> Exercise instructions:
Would you restate, exactly as they appear, the lines from the one containing "100 2nd Street 113 - Photo 4" through the end of the data below?

> Dataset entries:
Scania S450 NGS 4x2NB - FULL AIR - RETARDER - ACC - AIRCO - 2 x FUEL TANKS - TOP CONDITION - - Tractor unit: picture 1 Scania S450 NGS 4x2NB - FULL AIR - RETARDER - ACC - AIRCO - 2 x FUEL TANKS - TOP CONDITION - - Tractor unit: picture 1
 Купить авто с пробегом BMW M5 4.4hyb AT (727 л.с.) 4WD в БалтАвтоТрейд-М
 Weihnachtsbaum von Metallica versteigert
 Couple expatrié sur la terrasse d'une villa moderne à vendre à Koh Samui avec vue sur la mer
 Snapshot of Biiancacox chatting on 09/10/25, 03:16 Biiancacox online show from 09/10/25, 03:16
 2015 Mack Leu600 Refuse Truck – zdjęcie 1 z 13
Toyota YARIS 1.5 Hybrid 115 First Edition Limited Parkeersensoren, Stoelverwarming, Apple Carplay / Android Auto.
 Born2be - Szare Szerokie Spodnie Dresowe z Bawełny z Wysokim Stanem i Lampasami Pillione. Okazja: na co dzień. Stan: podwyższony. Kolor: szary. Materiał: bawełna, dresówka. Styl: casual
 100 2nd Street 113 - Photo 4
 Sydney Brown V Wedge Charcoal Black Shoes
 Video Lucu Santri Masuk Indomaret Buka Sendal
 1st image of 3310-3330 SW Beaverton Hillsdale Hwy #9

> Reply:
 100 2nd Street 113 - Photo 4
 Sydney Brown V Wedge Charcoal Black Shoes
 Video Lucu Santri Masuk Indomaret Buka Sendal
 1st image of 3310-3330 SW Beaverton Hillsdale Hwy #9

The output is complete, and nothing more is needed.